To realize their data’s full potential, manufacturers need to re-imagine quality and the long-held notion that data collection is only used for compliance and traceability purposes. If data collection is automated and the data is unified from across the enterprise, it creates visibility into the manufacturing performance of the entire organization, instead of just one plant or production line. When rolled up to the corporate level for strategic analysis, the data becomes actionable as operational insights that can drive global improvements, mitigate risks and save money.

Unfortunately, many manufacturers rely on manual data collection and 20- or 30-year-old systems that store data at the local level. While these systems might be useful for addressing problems in a reactive manner, they are prone to human errors and create data silos, which prevent manufacturers from looking beyond the production line or a single plant’s performance.

To bring manufacturing technology up to date and reap the real benefits of quality data, food and beverage processors must automate data collection, employ cloud technology and adopt state-of-the-art quality software, combined with new data collection practices and modern analytics.

Automate data collection

According to a study of 260 manufacturers conducted by InfinityQS, Fairfax, Va., 75% of respondents are still manually collecting data, and 47% of those rely on pencil and paper. Not only does manual data collection put a manufacturer’s data at risk for human errors, but it also lacks efficiency. Plus, once the data is placed on paper and filed, it is virtually impossible to retrieve, summarize and aggregate for analysis purposes.

Previously, operators would manually take readings, calculate an average of those readings and plot the result on a paper chart that quality assurance personnel would use to calculate trends and create reports by hand. Automating data collection eliminated the 8- to 10-hour process in favor of near-instantaneous reporting and major reductions in paper usage.

Because the data is collected in real time and is easily accessible by anyone with a computer, performance can be tracked across production lines, and issues throughout the enterprise are quickly highlighted and acted upon. This ensures a higher quality product across all production lines, less raw material variation and consumption and increased cost savings – especially when high-quality ingredients are required.

Unify plant-floor data

Most food and beverage manufacturers have multiple geographically dispersed plants, and each plant often has its own unique naming conventions for the same products, lines, machines and tests. When each plant is speaking a different language, aggregating and summarizing cross-plant data for macro-level analysis becomes nearly impossible.

The key to unifying plant data and attaining enterprise visibility is hosting quality management software in the cloud. By doing this, companies can centralize data into one unified database, thereby breaking down data silos for a real-time look across operations. A centralized database helps enforce universal naming conventions across all plants, which means everyone – from individual plant floor operators to quality assurance executives – is speaking the same language and on the same page.

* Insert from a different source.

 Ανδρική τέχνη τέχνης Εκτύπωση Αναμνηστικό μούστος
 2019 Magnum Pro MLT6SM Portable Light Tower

Roll local data up to the corporate level

When plant and supplier data is unified from sites around the world, they can be easily rolled up to the executive level for analysis by quality professionals, vice presidents, operations managers and C-level executives. Slicing and dicing the data to compare plant-to-plant, product-to-product and line-to-line differences can uncover operational insight that drives improvements across the enterprise.

Such comparative analyses can show which sites need help and where the biggest efficiency gains and cost-savings opportunities are located. Company resources can be allocated where they’re needed most, and new efficiencies and strategies can be applied throughout the entire organization. Manufacturers can also see where the top performing lines and plants are and then take those best practices and standardize them across all facilities. Moreover, with a cloud environment, production data can be analyzed, refreshed and evaluated in real time, eliminating decision-making lags that can compound quality issues.

One innovative multi-national producer and distributor of refrigerated food products deployed cloud-based quality management software and can now easily look across the enterprise to identify trends and improvement opportunities for reducing costs. They can identify root causes of variations and make adjustments before problems occur. Desktop dashboards with a variety of analyses and charts display exactly what is happening across multiple plants in real time, so supervisors and executives can see which plants, lines and/or products are running efficiently and consistently.

Using quality data beyond the plant floor is something most manufacturers have not yet embraced. But, by adopting new data collection standards and practices, modern analytics and a strong cloud-based quality software backbone, the information that manufacturers are already collecting on the plant floor can create enterprise-wide visibility that, when analyzed, offers operational insight. With this wider view, companies can look at previously fragmented operations as a whole and can realize their data’s full potential and make organization-wide improvements toward manufacturing excellence.